Work task
Please reproduce the entries below exactly as they stand, but leave the pictures out.

Data records
--- START ---

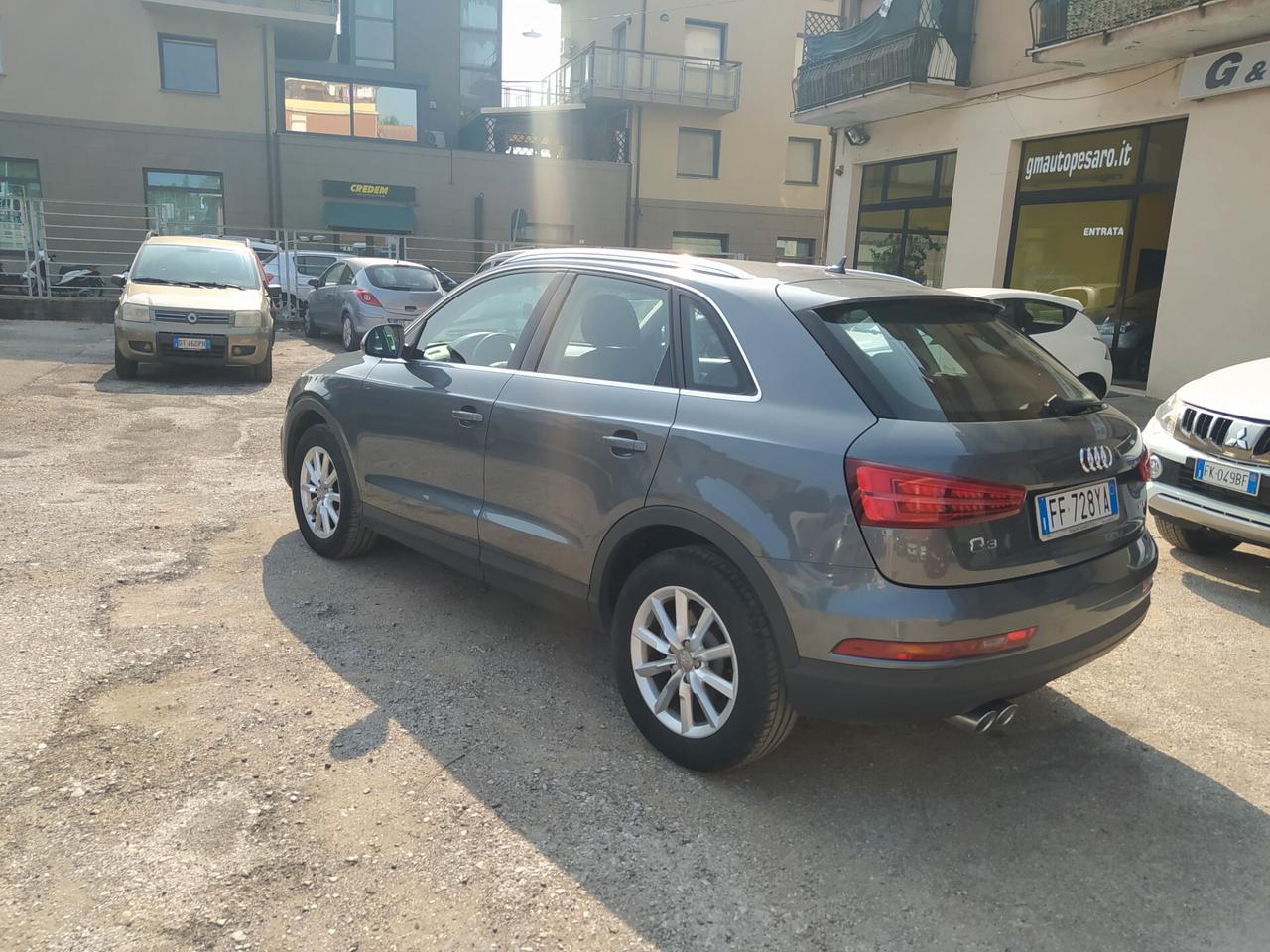 Audi Q3 2.0 TDI 120 CV Business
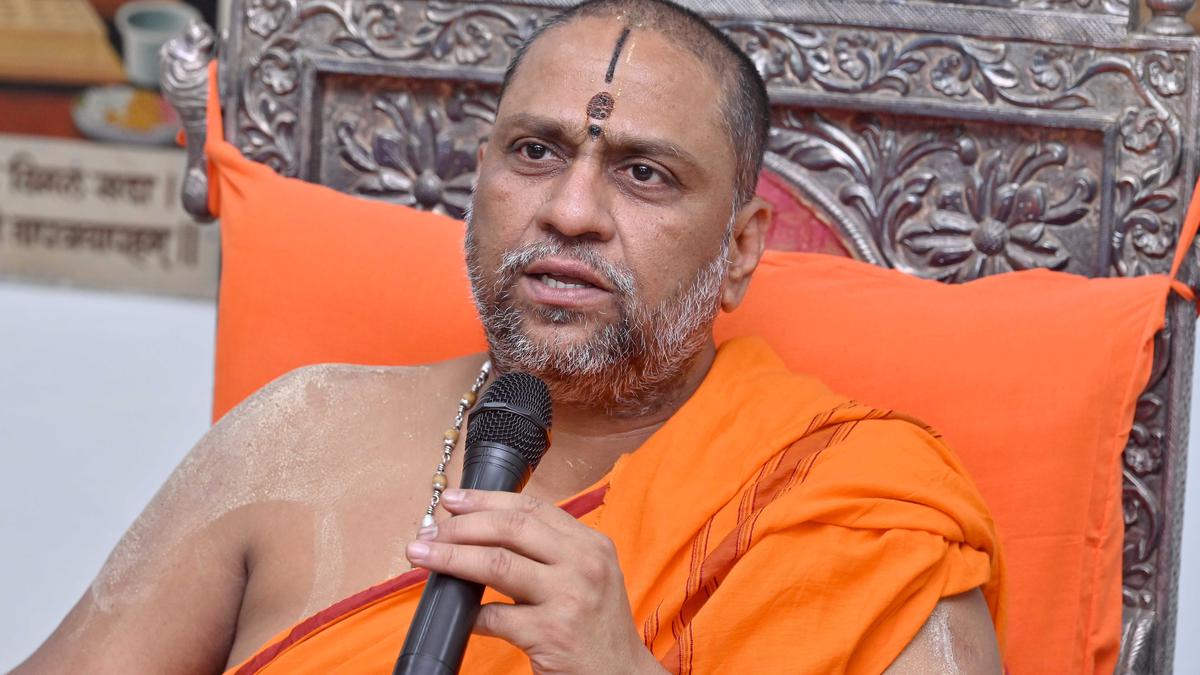 Mantralayam seer says people should put an end to caste politics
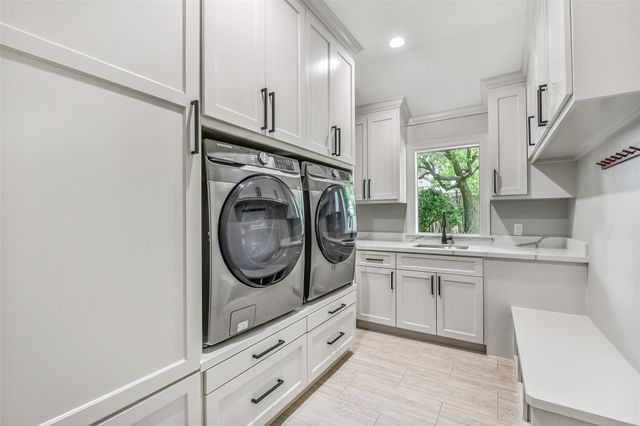 5230 Indigo Street, Houston, TX 77096
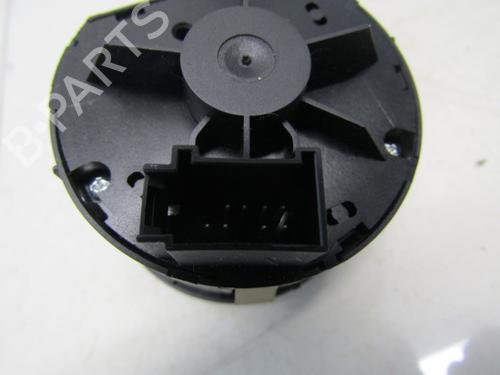 Switch AUDI Q7 (4LB) 3.0 TDI quattro | BP35621429I30 - Image 4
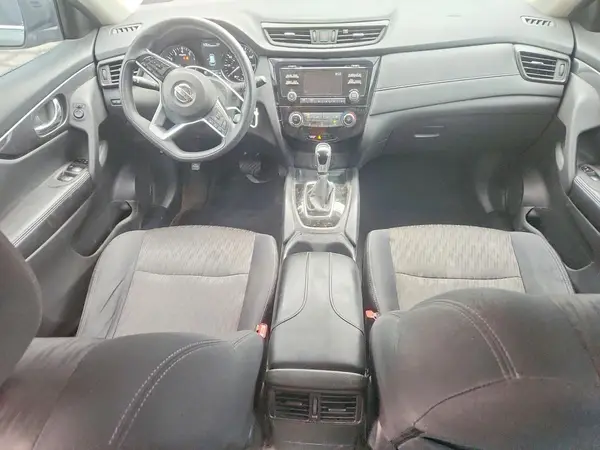 5N1AT2MV1HC811504 2017 NISSAN ROGUE - Image 8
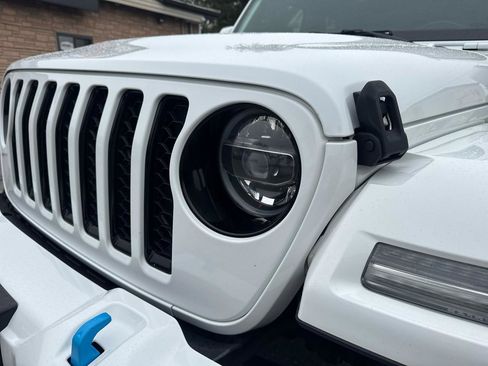 Used 2021 Jeep Wrangler Unlimited Sahara AWD/4WD image 15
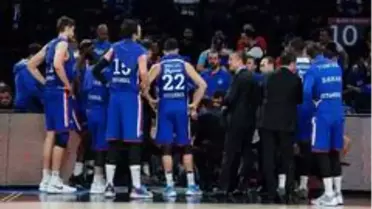 Lider Anadolu Efes, Alba Berlin'e konuk olacak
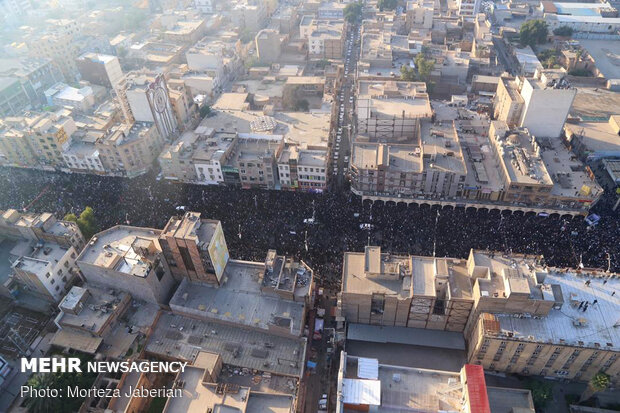 الصور الجوية لتشييع جثامين الشهيد "سليماني" و" المهندس" في الأهواز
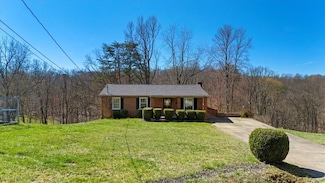 89 Wood Cir, Parkersburg, WV 26104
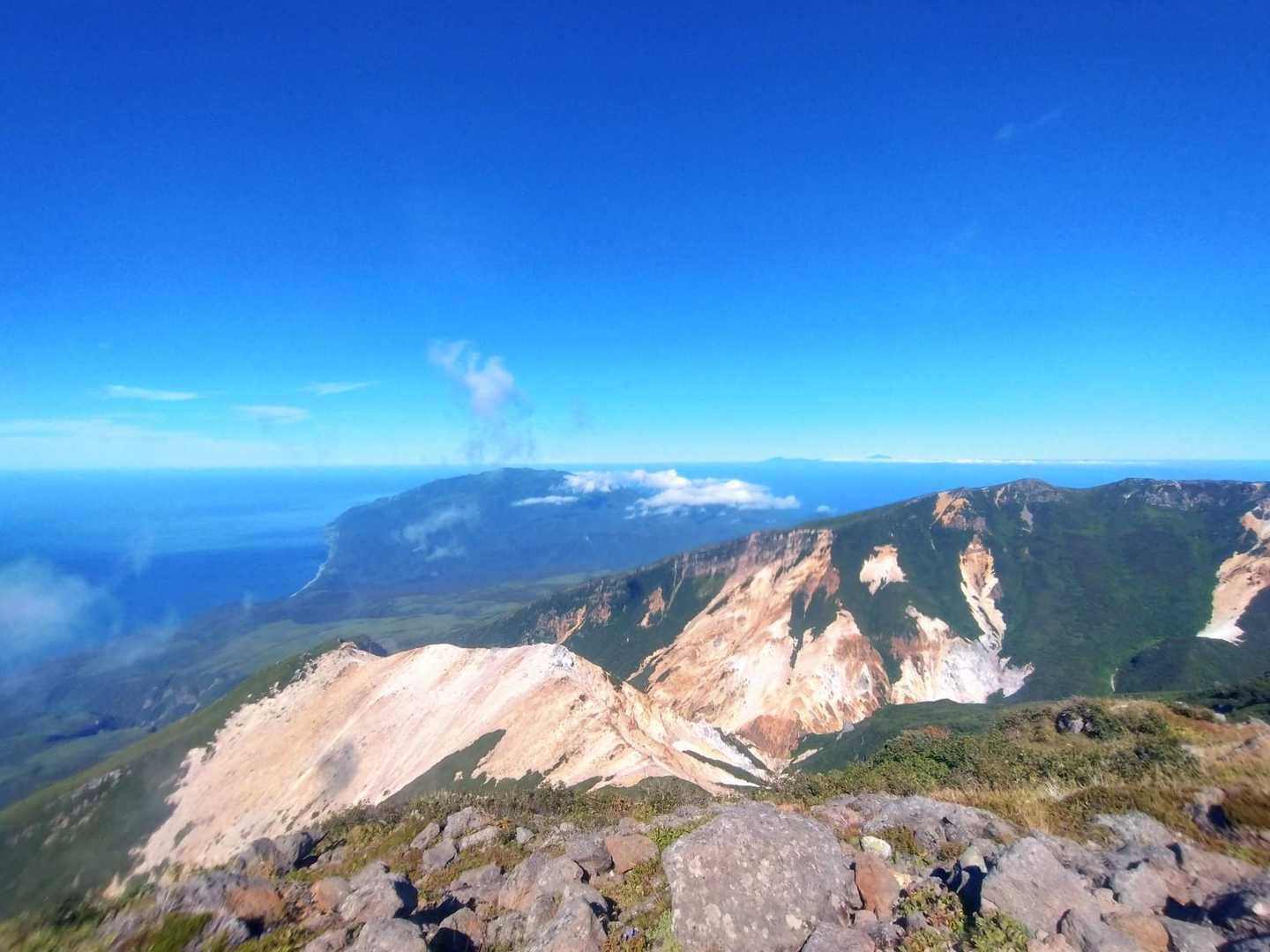 岩尾別登山口-羅臼岳-南岳-知円別岳-硫黄山-硫黄山登山口 縦走コースの写真
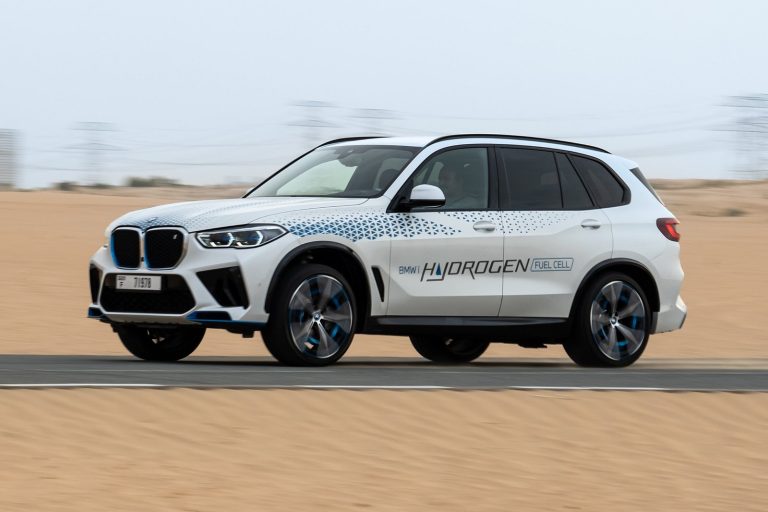 Jaunais BMW iX5 būs pieejams gan kā elektroauto, gan arī kā ūdeņraža auto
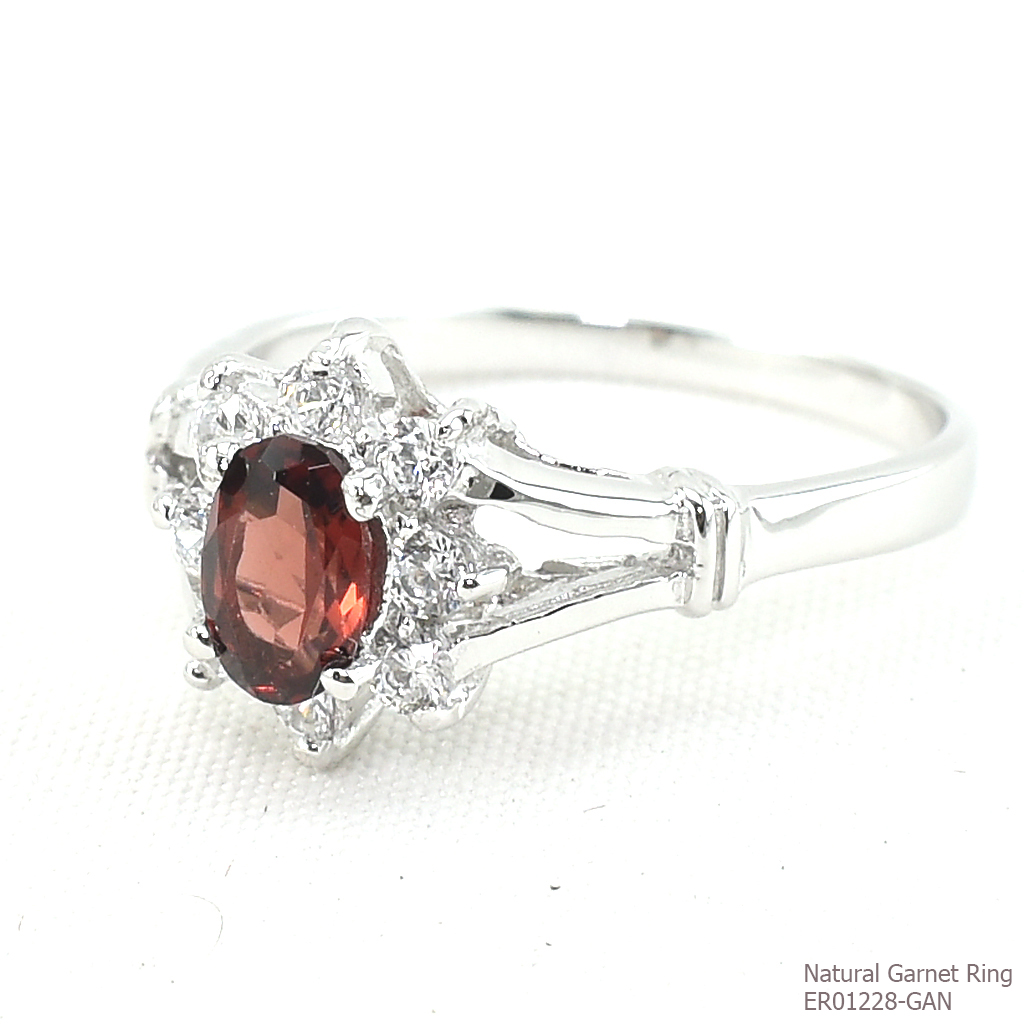 SKJewelryFactory แหวนโกเมนแท้ แหวนพลอยแท้ล้อมเพชร ตัวเรือนเงินแท้ ER01228-GAN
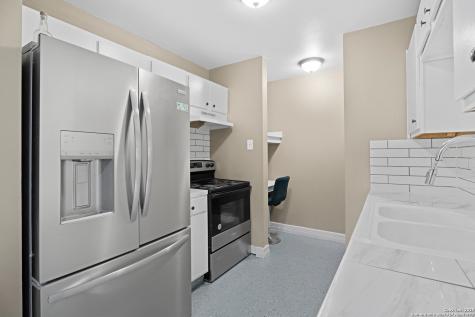 5728 Harefield San Antonio TX 78228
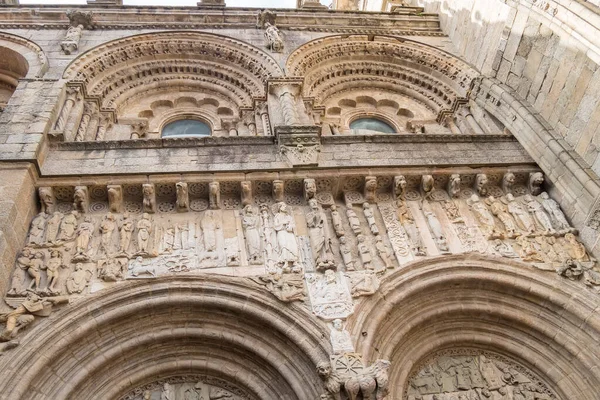 西班牙加利西亚圣地亚哥 德孔波斯特拉主教座堂的一个立面的细节 — 图库照片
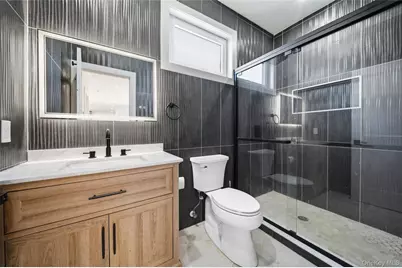 9 Vista Lane, Levittown, NY 11756 - Photo 18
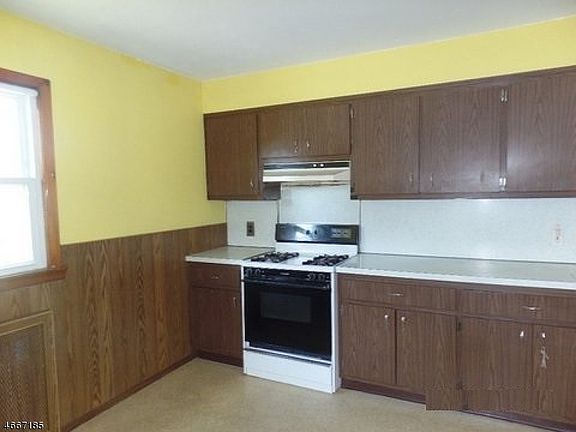 4th image of 318 Bender Ave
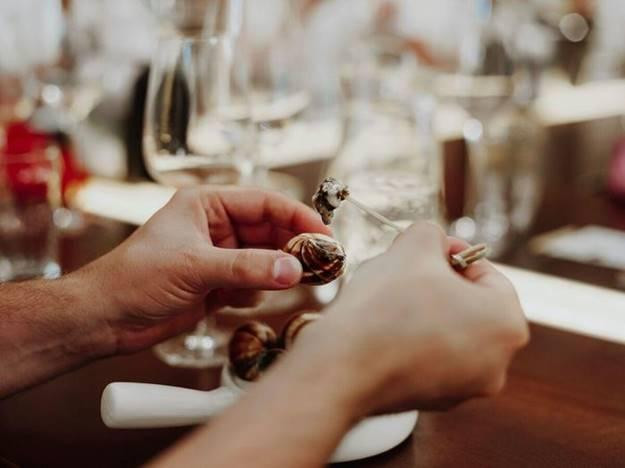 Một trong những nơi bạn có thể thưởng thức nhiều món ngon từ ốc sên là Paris. Ốc sên thường được dọn ra đĩa, đi kèm dĩa hoặc xiên đặc biệt để thực khách khêu chúng ra và thưởng thức. Ảnh: Matador Network.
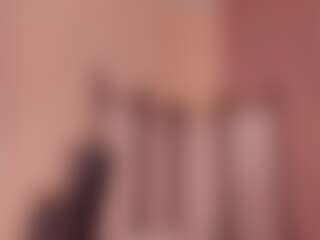 Live cam show with MaureenGambell - Tongue on xplaylive.com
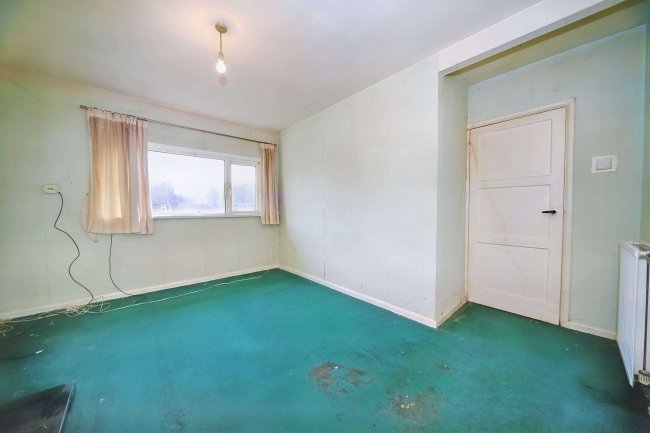 20 Hinton Close, Stafford, ST17 4HP 2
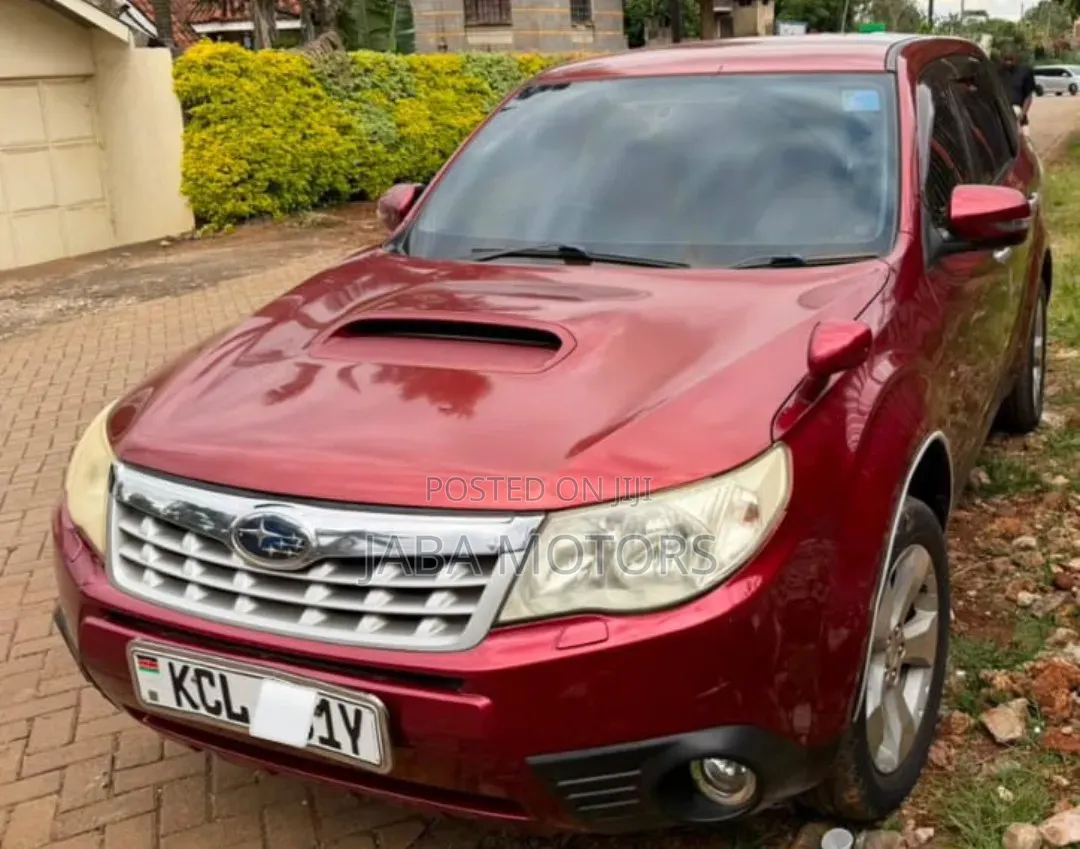 Subaru Forester 2012 Maroon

--- END ---

Expected output
 Audi Q3 2.0 TDI 120 CV Business
 Mantralayam seer says people should put an end to caste politics
 5230 Indigo Street, Houston, TX 77096
 Switch AUDI Q7 (4LB) 3.0 TDI quattro | BP35621429I30 - Image 4
 5N1AT2MV1HC811504 2017 NISSAN ROGUE - Image 8
 Used 2021 Jeep Wrangler Unlimited Sahara AWD/4WD image 15
 Lider Anadolu Efes, Alba Berlin'e konuk olacak
 الصور الجوية لتشييع جثامين الشهيد "سليماني" و" المهندس" في الأهواز
 89 Wood Cir, Parkersburg, WV 26104
 岩尾別登山口-羅臼岳-南岳-知円別岳-硫黄山-硫黄山登山口 縦走コースの写真
 Jaunais BMW iX5 būs pieejams gan kā elektroauto, gan arī kā ūdeņraža auto
 SKJewelryFactory แหวนโกเมนแท้ แหวนพลอยแท้ล้อมเพชร ตัวเรือนเงินแท้ ER01228-GAN
 5728 Harefield San Antonio TX 78228
 西班牙加利西亚圣地亚哥 德孔波斯特拉主教座堂的一个立面的细节 — 图库照片
 9 Vista Lane, Levittown, NY 11756 - Photo 18
 4th image of 318 Bender Ave
 Một trong những nơi bạn có thể thưởng thức nhiều món ngon từ ốc sên là Paris. Ốc sên thường được dọn ra đĩa, đi kèm dĩa hoặc xiên đặc biệt để thực khách khêu chúng ra và thưởng thức. Ảnh: Matador Network.
 Live cam show with MaureenGambell - Tongue on xplaylive.com
 20 Hinton Close, Stafford, ST17 4HP 2
 Subaru Forester 2012 Maroon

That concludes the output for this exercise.